Brief descriptive captions
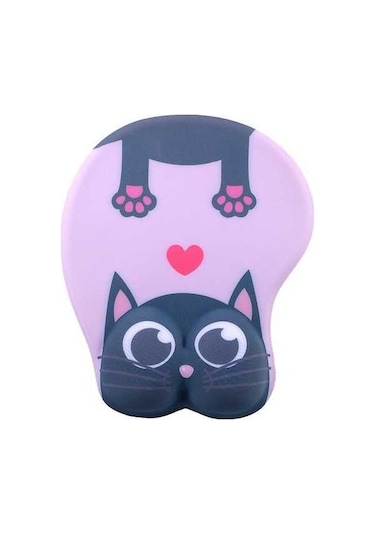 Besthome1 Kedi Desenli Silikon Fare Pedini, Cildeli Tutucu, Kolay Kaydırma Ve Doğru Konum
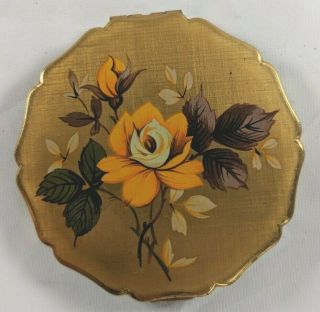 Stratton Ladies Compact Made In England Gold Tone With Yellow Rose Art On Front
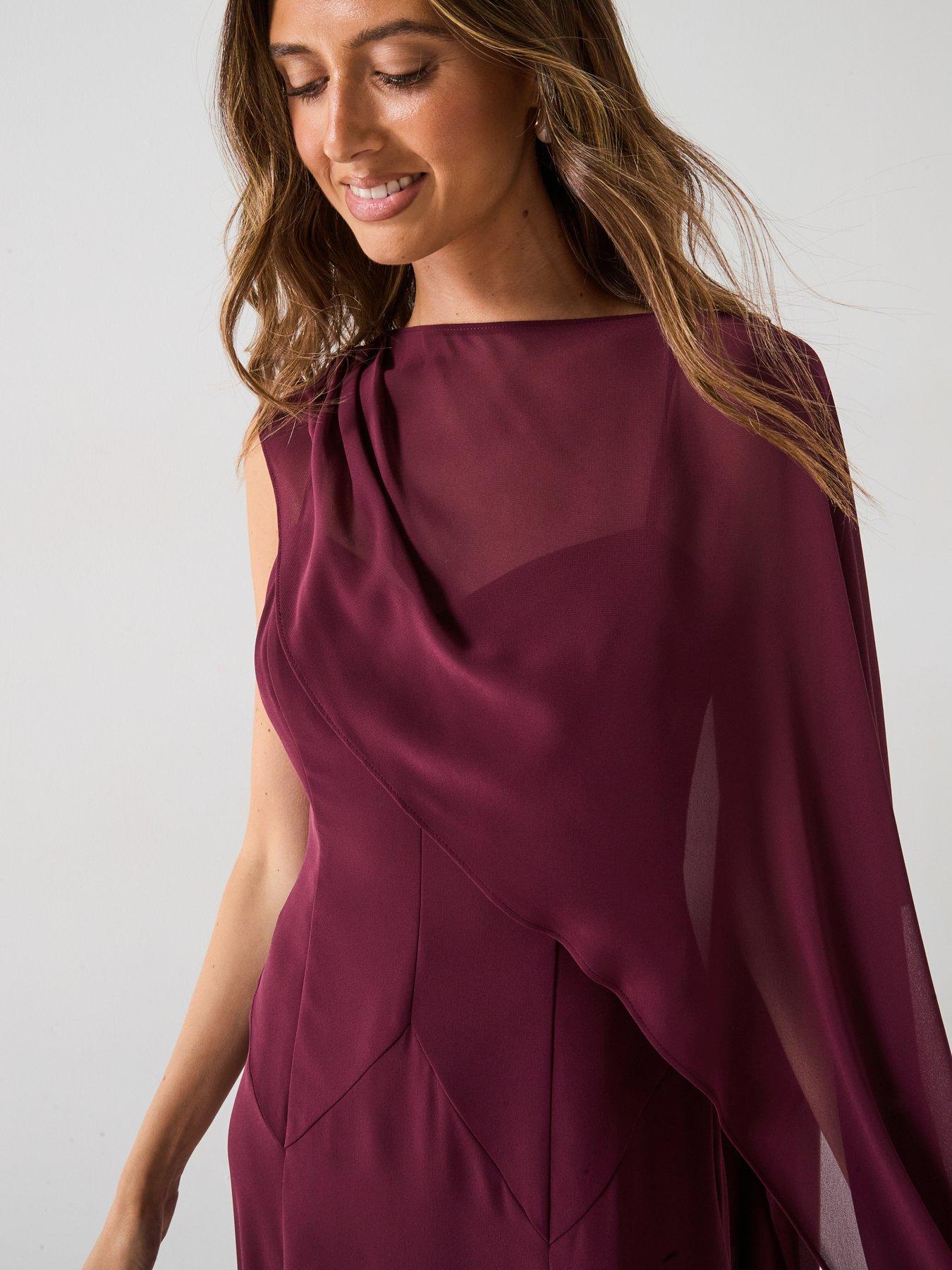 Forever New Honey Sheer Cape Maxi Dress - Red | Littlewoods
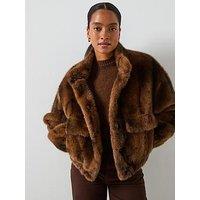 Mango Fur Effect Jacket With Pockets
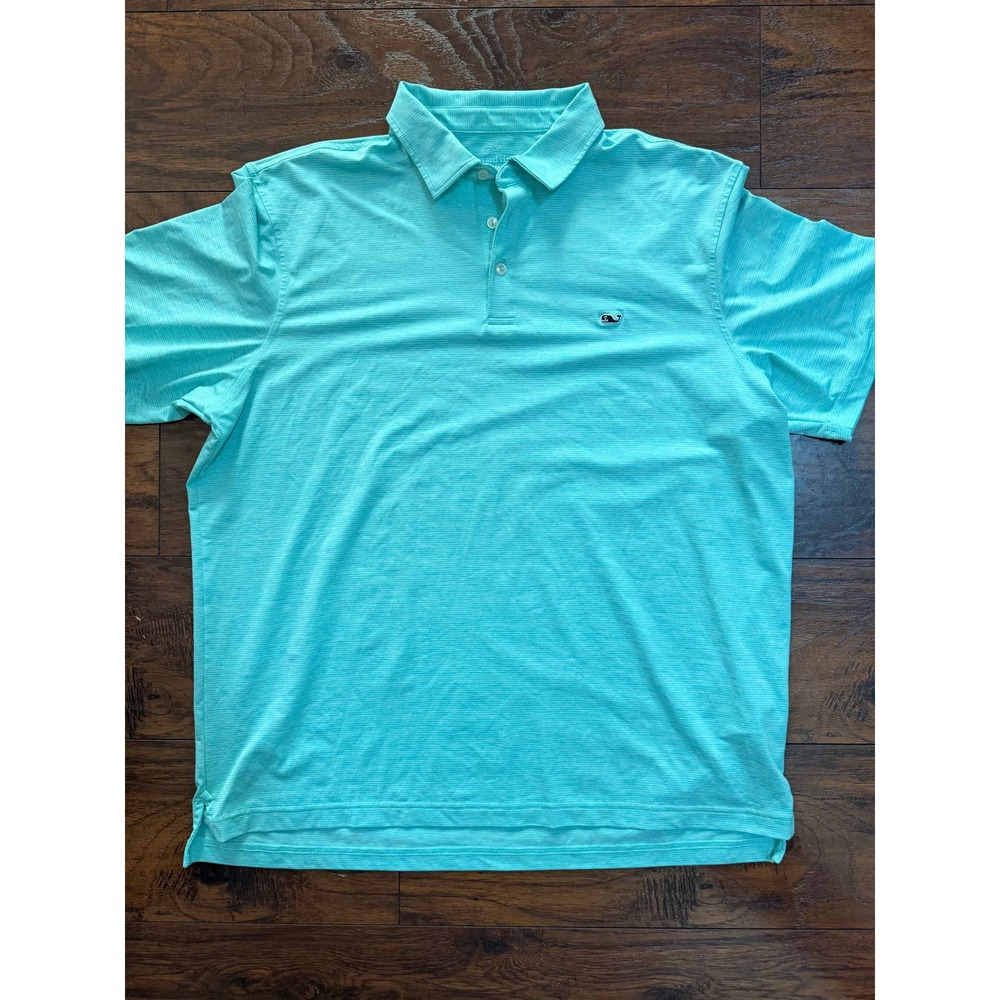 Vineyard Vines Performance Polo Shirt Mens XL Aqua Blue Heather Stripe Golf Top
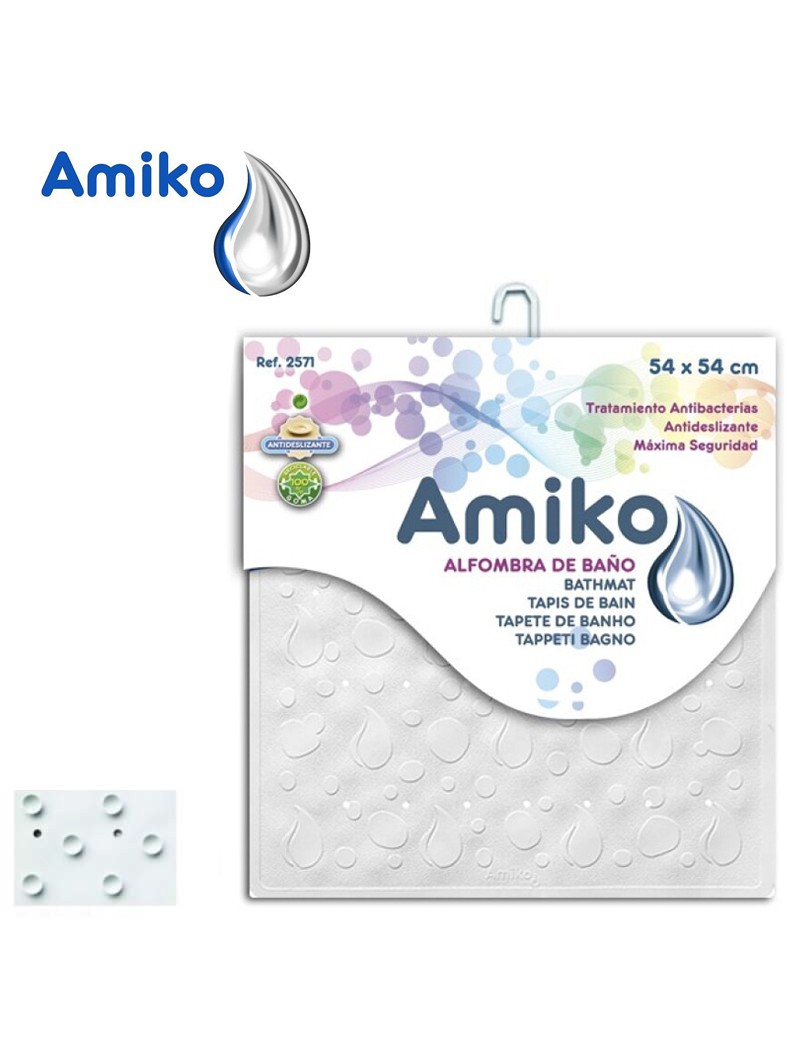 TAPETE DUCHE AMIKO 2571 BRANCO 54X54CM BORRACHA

Task item -
Would you copy out every entry above word for word, without the pictures?

Solved problem -
 Besthome1 Kedi Desenli Silikon Fare Pedini, Cildeli Tutucu, Kolay Kaydırma Ve Doğru Konum
 Stratton Ladies Compact Made In England Gold Tone With Yellow Rose Art On Front
 Forever New Honey Sheer Cape Maxi Dress - Red | Littlewoods
 Mango Fur Effect Jacket With Pockets
 Vineyard Vines Performance Polo Shirt Mens XL Aqua Blue Heather Stripe Golf Top
 TAPETE DUCHE AMIKO 2571 BRANCO 54X54CM BORRACHA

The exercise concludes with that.